I'm curious if any of you have run into this camera before, and if so, I was wondering about filters for it.  According to the manual, which I found online, there are screw in filters available, but it doesn't say what size.  If anyone knows, and knows whether or not I can use any old filter, assuming it's the right size, that'd be great.  I'd love to get some color filters and shoot b&W with this thing. 

Here's the manual: http://members.cox.net/minolta16/pen/

I'm shooting a 24 exposure roll of generic ISO 200 color film that my mom had laying around.  I can't wait to see what these turn out like.  I have to take 48 shots though to finish the roll   What a neat little camera.

I'd be interested to hear if someone has used one of these before.


----------



## ksmattfish (Apr 22, 2004)

I have a Olympus Pen F half-frame camera.  I don't know much about accessories, but I sure do like the camera.


----------



## drlynn (Apr 22, 2004)

There are half-frame photo clubs on the 'net and local clubs around the country from what I have read on the subject. 

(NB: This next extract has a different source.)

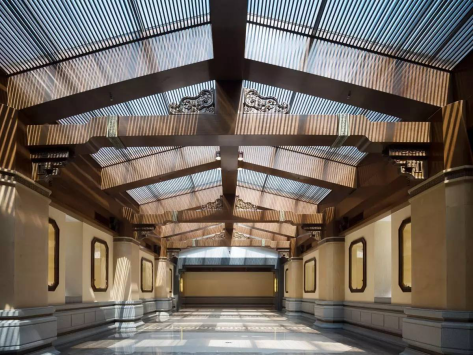 凯发·k8(中国游)官方网站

They seem to have quite a following. Enjoy the camera.


----------



## Digital Matt (Apr 23, 2004)

Thanks for your replies   I love the feel of this camera so far.  It seems like a really nice camera.  It's so tiny.  I hope at least one of my shots turns out ok.  I'll take a look for for some half frame photo clubs 

Thanks again.  [/list][/code]


----------



## Mitica100 (Apr 23, 2004)

Pen EES was made around 1962, as you know is a 1/2 frame camera with a nifty, sharp and fast 30mm/2.8  lens.  Quite a miracle, being an SLR, how they were able to make it so compact, without the bulging prism cover, due to the porro prism used.

As for filters:

The camera uses 22.5 filters over the lens or 43.5mm filters over the lens and meter.  I'm sure you'll find a few adapters out there.

Good luck!


----------